WHAT TO WORK ON.
The lines below must be transcribed exactly as given, with the images removed.

*** Opening of STORED DATA ***

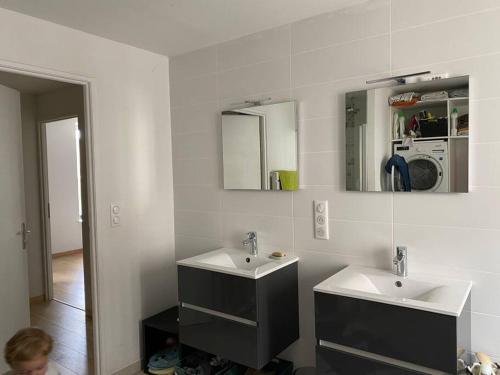 een badkamer met twee wastafels en twee spiegels bij La maison Familiale in Dijon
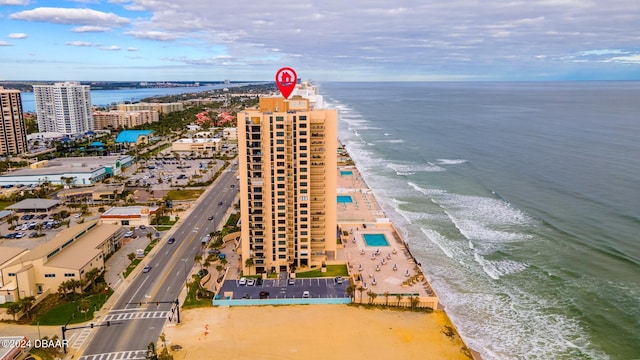 aerial view with a view of the beach and a water view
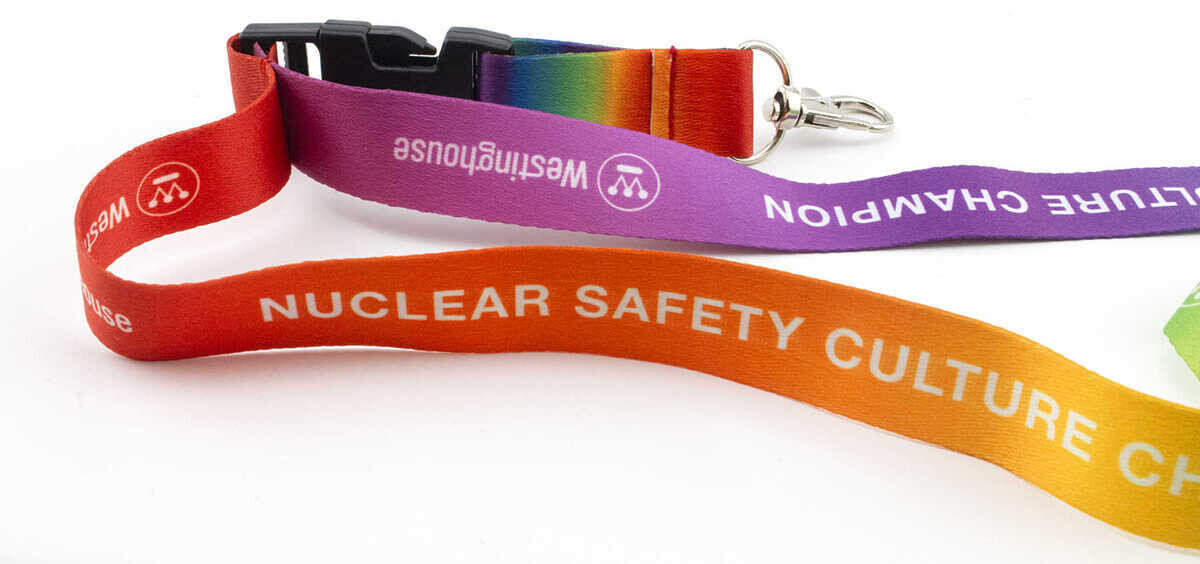 Sublimated lanyards with full-color printing showing Westinghouse Nuclear Safety Culture Champion designs in rainbow gradient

*** Close of STORED DATA ***

TASK OUTPUT.
 een badkamer met twee wastafels en twee spiegels bij La maison Familiale in Dijon
 aerial view with a view of the beach and a water view
 Sublimated lanyards with full-color printing showing Westinghouse Nuclear Safety Culture Champion designs in rainbow gradient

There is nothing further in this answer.